_The problem_.
Every line from the one containing "John Fury's cornering came under criticism" through the end of the listing below must be given again exactly, and nothing else; exclude pictures.

_Records shown_.
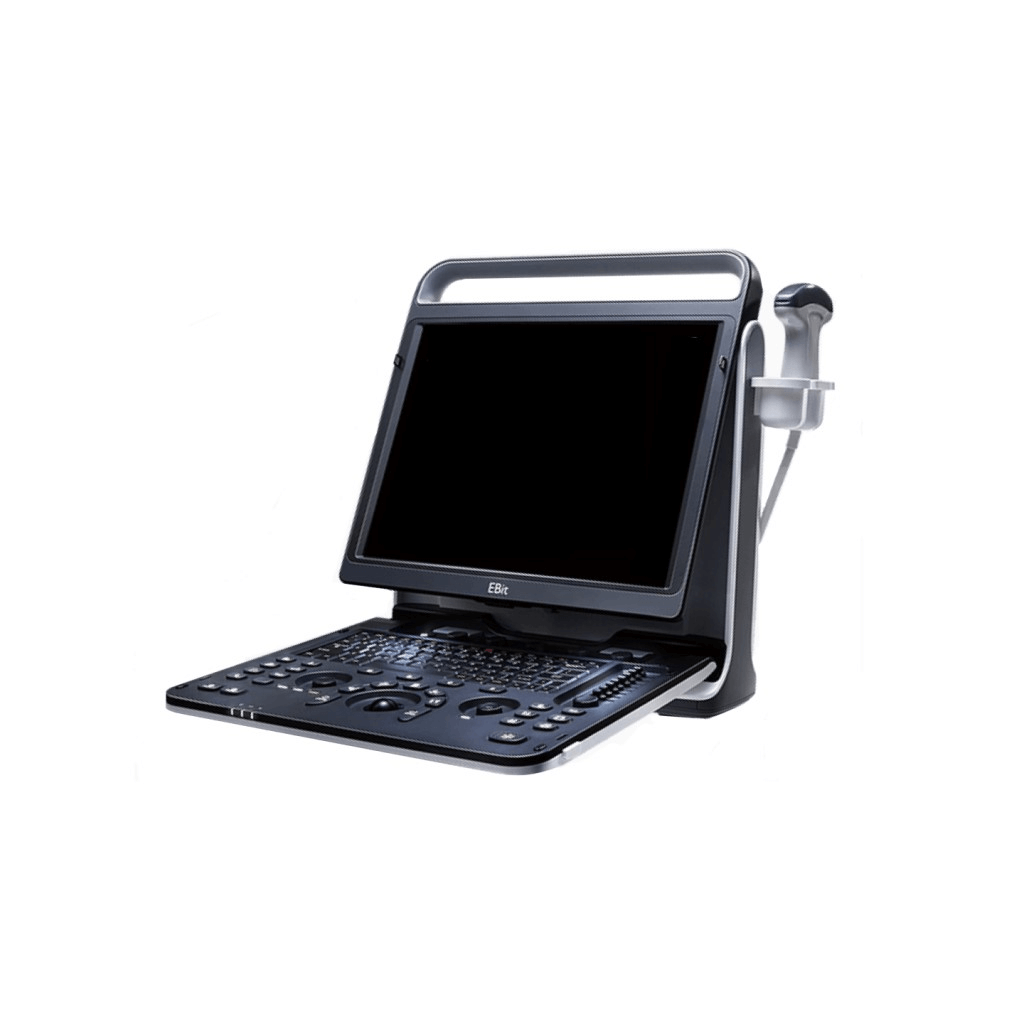 Chison Ebit 60 - Sentinel Imaging Group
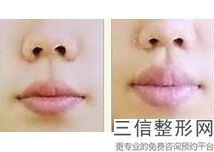 手术做嘟嘟唇要多少钱，多少钱能做M唇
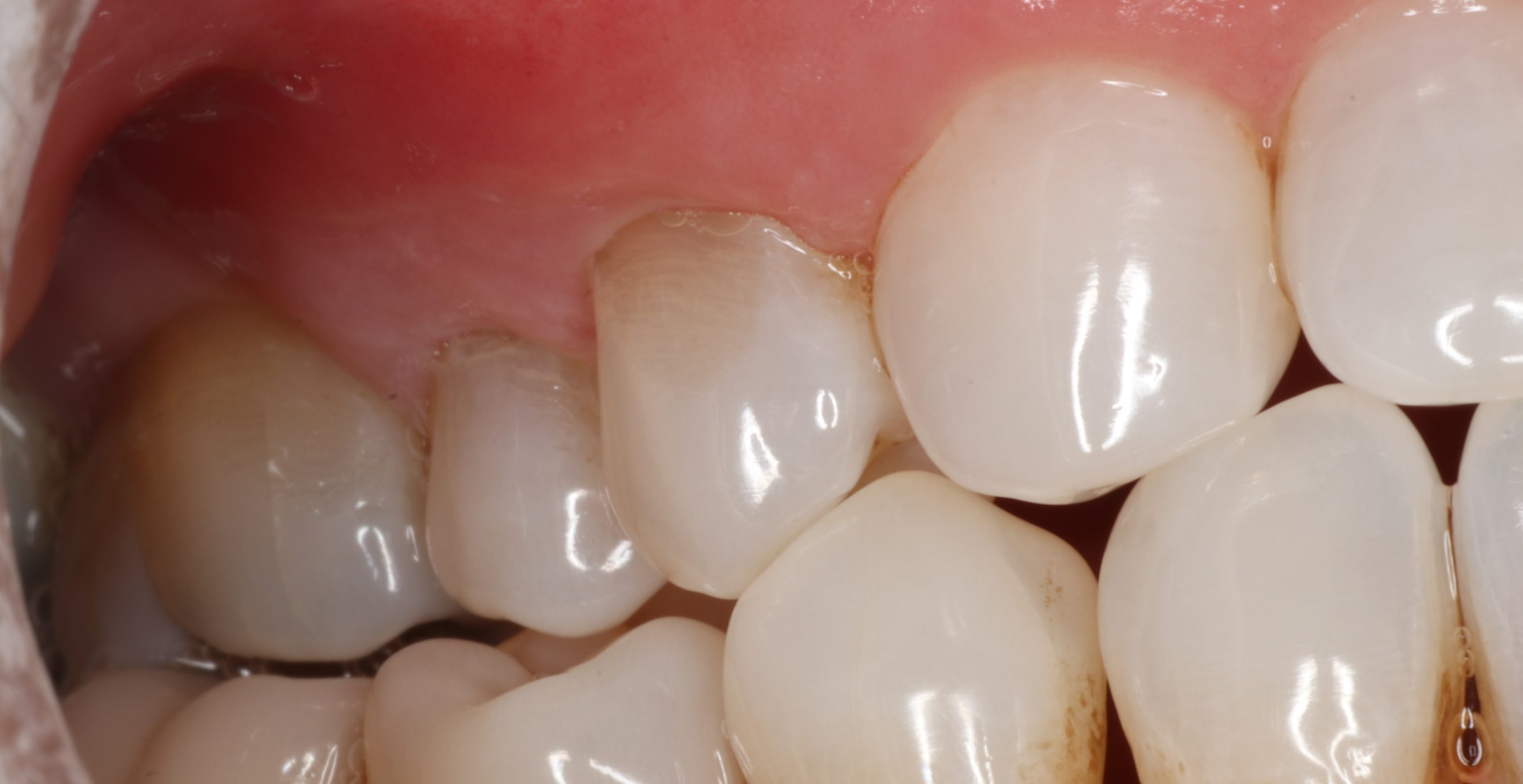 Chao Pinhole gum rejuvenation , DC Pearls patient result
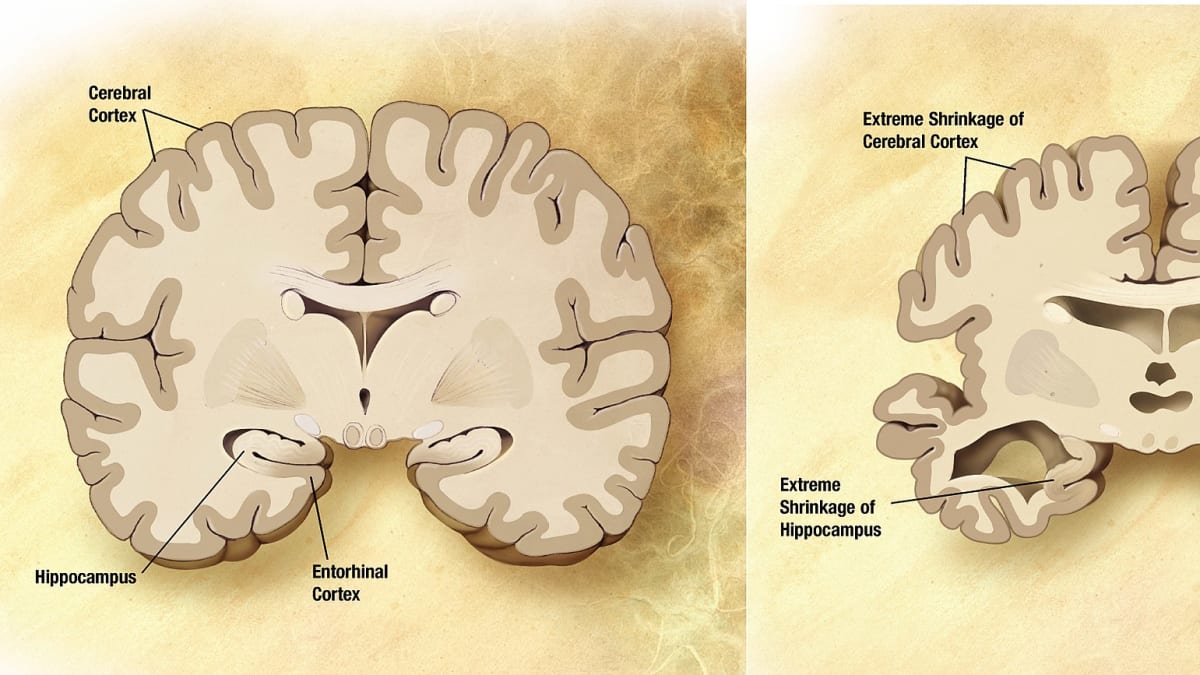 Mozek zdravého a dementního jedince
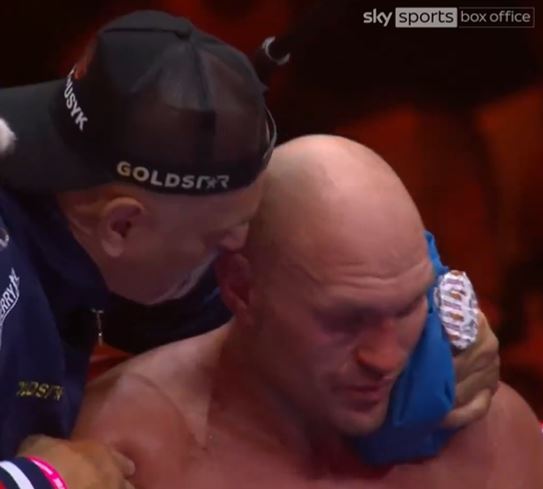 John Fury's cornering came under criticism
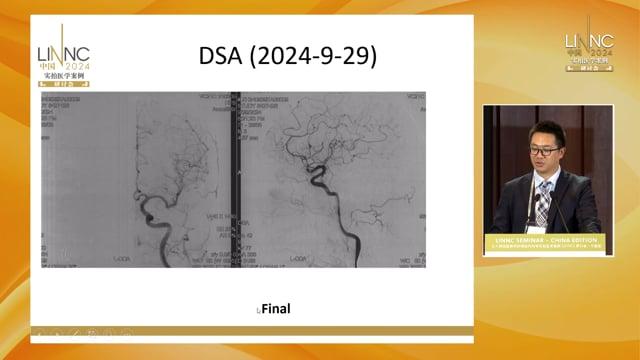 Lateral sinus dural arteriovenous fistula embolisation with venous remodelling following venous sinus stenting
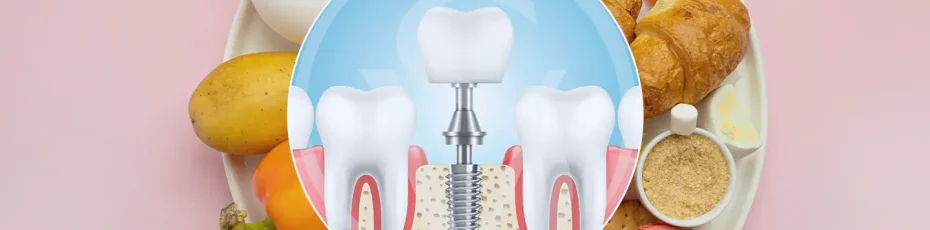 From Surgery to Recovery: Dietary Timeline After Dental Implants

_Result of the exercise_.
 John Fury's cornering came under criticism
 Lateral sinus dural arteriovenous fistula embolisation with venous remodelling following venous sinus stenting
 From Surgery to Recovery: Dietary Timeline After Dental Implants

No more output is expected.